Man United v West Ham – League Cup Preview

West Ham in the League Cup

League Cup Programmes

I know that the competition has had a number of names over the years according to the particular sponsors at the time, but to me it has always been the League Cup. The current title, the EFL Cup, sounds to me just like a trendy attempt to use initials to jazz up interest in, what, after all, is traditionally the minor competition in the English football calendar. I can never understand why so many clubs treat it comparatively flippantly, because in many ways it is the easiest of the trophies to win, and winning it is a passport into Europe for the following season.

Clubs like ourselves, who were in Europe this season (albeit briefly in our case), received a bye into round 3, and by winning two home games against Accrington Stanley and Chelsea, now find ourselves in round 5, which is the quarter-finals. Get through this round and you are into a two-legged semi-final with the prospect of a trip to Wembley for the winner. Effectively you only have to beat five other clubs to land the trophy.

Now I am old enough to remember the competition starting in 1960-61. It had a controversial beginning and some of the bigger clubs in the Football League didn’t even enter at first. And though it gained surprisingly more popularity than a lot thought it would, many teams even today use the early rounds in particular to give a run out to squad players who wouldn’t necessarily be first choice for Premier League games.

From the outset of the competition we always fielded strong sides, and it is only comparatively recently that we haven’t gone flat out in the early rounds to try to progress. In 1960-61 the side we put out against Darlington was virtually identical to the team that had scored five goals in a Division One game just two days earlier, and the one that put six goals past Arsenal less than a fortnight later. Nevertheless we still managed an ignominious defeat at the hands of a lower division team (3-2), something we have managed to do consistently in our 56 attempts to win this competition. Throughout the years we have been beaten by football giants such as Rotherham, Huddersfield, Stockport (twice), Barnsley, Luton, Oldham (twice), Oxford, Crewe, Northampton, Chesterfield, Aldershot, Wigan, and most recently, Sheffield United. Nottingham Forest have eliminated us four times!

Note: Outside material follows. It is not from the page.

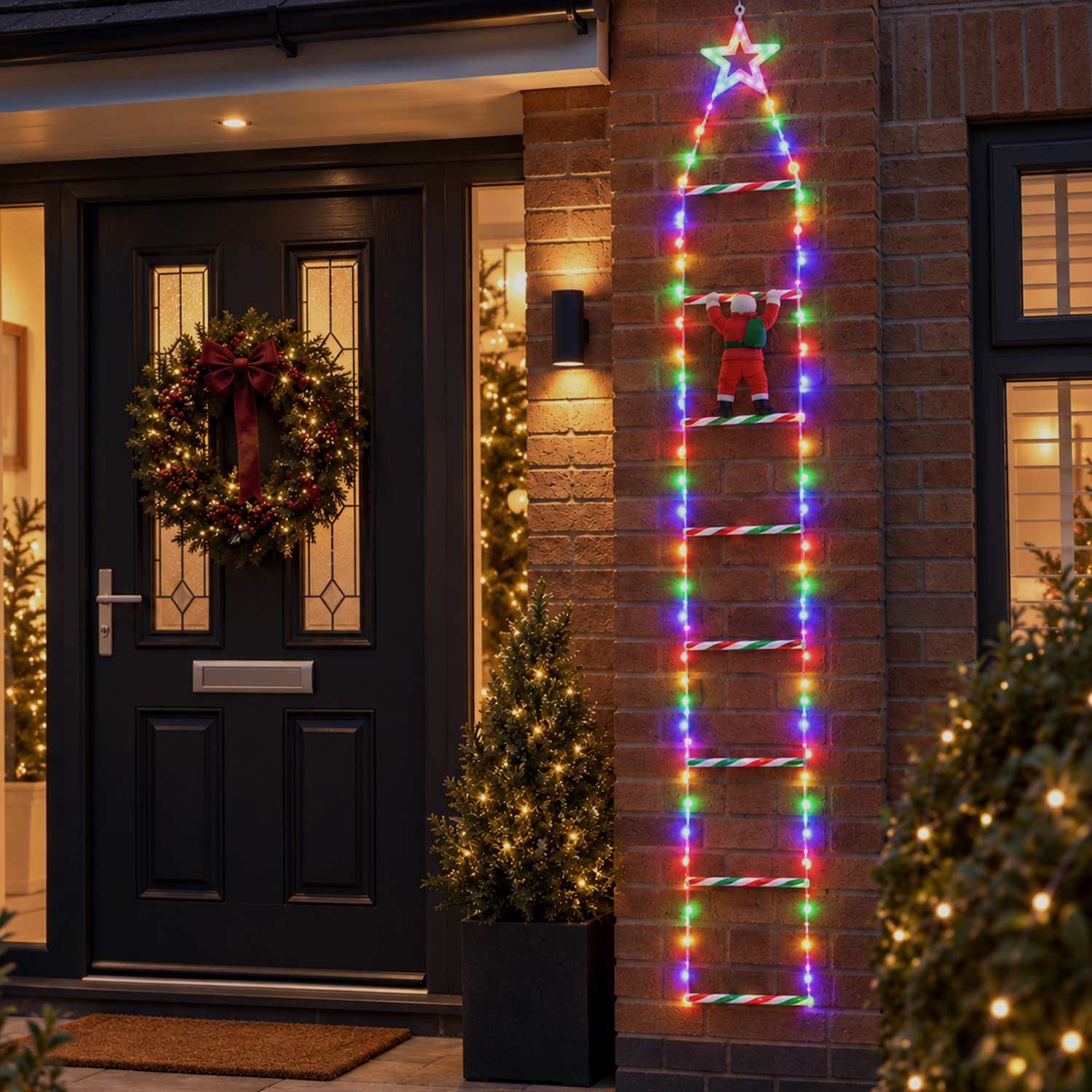 Samuel Alexander 1.92m Climbing Santa Ladder with 124 Multi-Coloured LEDs for Indoor and Outdoor Christmas Decor - Image 2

We have been knocked out in Round One on one occasion, Round Two eleven times, Round Three nineteen times, and Round Four ten times. That means we have reached the quarter-final on 15 previous occasions, and our trip to Old Trafford is number 16. Of those 15, we have gone out at the quarter-final stage just six times, and progressed further in nine, which is a decent enough record. But in our nine semi-finals we have only reached the final twice, losing to West Brom in the last of the two-legged finals in 1965-66 (the following year the final was held at Wembley for the first time), and then in a replay to Liverpool in 1980-81, when we were a second tier team taking on the best club in England at the time. That was Liverpool’s first win of the League Cup trophy, but they have gone on to dominate since, and have won it the most times (8).

Of all the players in our current squad, only Noble and Sakho had scored a goal in this competition in previous seasons. Noble scored in the two-legged semi-final in 2010-11 when we went out to Birmingham, and Sakho found the net when we were eliminated by Sheffield United on penalties the season before last. Of course, Payet, Kouyate and Fernandes have all notched a goal this time around. Players of yester-year, on the other hand, managed quite a few goals in League Cup games, with six reaching double figures, Cross and Goddard (12), Stewart (14), Byrne (15), Cottee (18), and Geoff Hurst the most prolific, notching 43 goals in just 47 League Cup appearances.

However, I’ll always remember the penalty Geoff Hurst had saved by Gordon Banks in the final minutes of the semi-final second leg against Stoke in 1971-72. If that had gone in we would have been through to the final (probably). As it was, in the days before penalty shoot-outs, that epic semi-final tie took four games to settle before we lost 3-2 in the dramatic second replay, even though Bobby Moore saved a penalty when taking over in goal from the injured Ferguson (no substitute keepers in those days!).

This is only the third time we have ever faced Manchester United in the League Cup. In our record breaking season of 1985-86, they knocked us out 1-0 in Round 3, whereas on 30 November 2010 (exactly six years ago today, when it was called the Carling Cup) we famously beat them 4-0 in the quarter-final on a freezing night at Upton Park, with a brace apiece for Jonathan Spector and Carlton Cole.

It is 22 years since we last lost a game on the final day of November. Since then we’ve won three and drawn one, with 10 goals scored and only two conceded. And who can ever forget November 30 1988, when we famously put four past Liverpool in a League Cup fourth round game?

It would be great to progress to another semi-final, and then we could even begin to dream of another trip to Wembley. Manchester United are not the force of old, and I am looking forward to us repeating our promising visit there last Sunday, but this time returning with a victory.